How to Price a Plumbing Job (So You Actually Make Money)
A practical guide to pricing plumbing jobs. Covers labor rates, material markup, overhead allocation, and how to build estimates that protect your margins.
Most plumbers I talk to learned pricing the same way: copy what the guy who trained you charged, add a little, and hope it works out. Some months are good. Some months you're wondering where the money went.
The problem is rarely that you're bad at plumbing. It's that nobody teaches you how to actually calculate what a job should cost. So you guess. And guessing leaves money on the table or, worse, puts you underwater on jobs you thought were profitable.
Here's how to build a pricing system that works for any plumbing job, from a faucet swap to a whole-house repipe.
Know your real costs first
Before you price anything, you need to know what it costs you to exist as a business. Not just materials and labor for a specific job, but the overhead that's running whether you're on a job or not.
Add up your monthly costs:
- Truck payment, insurance, fuel
- Tools and equipment (spread the cost over their useful life)
- Business insurance and licensing
- Phone, software, accounting
- Your own salary (yes, pay yourself a real number)
Say your total monthly overhead is $6,200. If you work 22 days a month and average 6 billable hours per day, that's 132 billable hours. Your overhead cost per hour is about $47.

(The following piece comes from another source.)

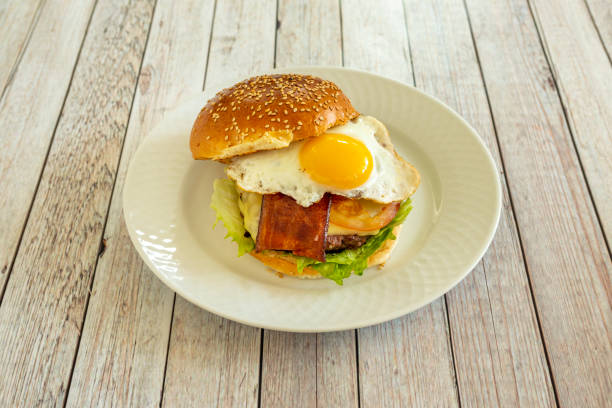 istock Classic beef burger with fried egg to dip the yolk and fried bacon with melted cheese, lettuce and ketchup on a white plate 1482666055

That $47 gets added to every hour you work, on top of your labor rate and materials. Skip this step and you'll price jobs that look profitable on paper but bleed money in practice.
The pricing formula
Here's the straightforward version:
Job price = Materials (with markup) + Labor (hours x rate) + Overhead allocation + Profit margin
Let's break each piece down with a real example. Say you're replacing a kitchen faucet.
Materials
The faucet costs you $85 wholesale. Supply line, plumber's putty, and Teflon tape run another $12. Your total material cost is $97.

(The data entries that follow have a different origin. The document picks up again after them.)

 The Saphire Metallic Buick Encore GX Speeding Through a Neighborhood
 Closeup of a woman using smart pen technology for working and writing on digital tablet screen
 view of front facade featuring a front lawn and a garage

Apply your markup. For plumbing, 25-50% on materials is normal. At 35%, your material charge to the customer is $131.
Labor
You estimate 1.5 hours. Your labor rate is $95/hour. That's $142.50.

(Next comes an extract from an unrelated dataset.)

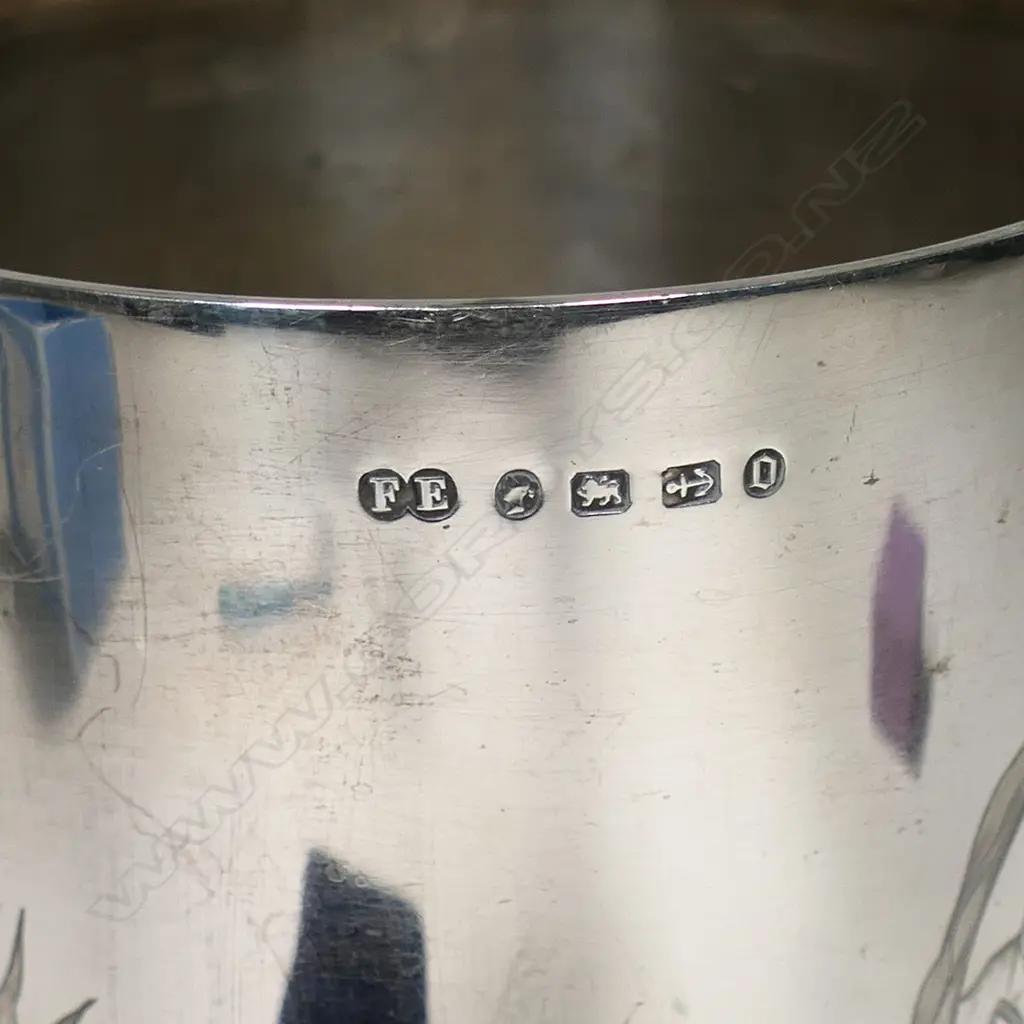 A New Zealand historical silver trophy cup - engraved 'Presented by The New Zealand Loan & Mercantile Agency Company To T.G. Smith, Wells Hill. For Best Pen 5 Merino Ewe Hoggets. Blenheim. 27th Nov. 1889'. Engraved to the front with a colonial mountain and pastoral landscape with sheep and a cow. H.235mm. 308gms Image 1++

Setting your labor rate is its own challenge. Check what plumbers in your area charge using a tool like our contractor rates database. If the going rate for a licensed plumber in your market is $85-120/hour, price yourself within that range based on your experience and speed.
Overhead allocation
1.5 hours at your $47/hour overhead rate = $70.50.
Profit margin
After covering all costs, you want profit on top. 10-20% on the total is reasonable. At 15%, that adds about $52.
Total job price: $131 + $142.50 + $70.50 + $52 = $396.
If you were guessing, you might have said "$250, maybe $300?" That's the gap that eats your business alive over time.
Flat rate vs. time-and-materials
Two ways to present prices to customers, and each has a place.
Time-and-materials means you bill for actual hours worked plus material cost. Customers understand it, but they hate the uncertainty. "How much will it cost?" "I don't know yet" is a tough sell.
Flat rate means you quote a fixed price before starting. The customer knows exactly what they're paying. You take on the risk of the job running long, but you also keep the upside when you're fast.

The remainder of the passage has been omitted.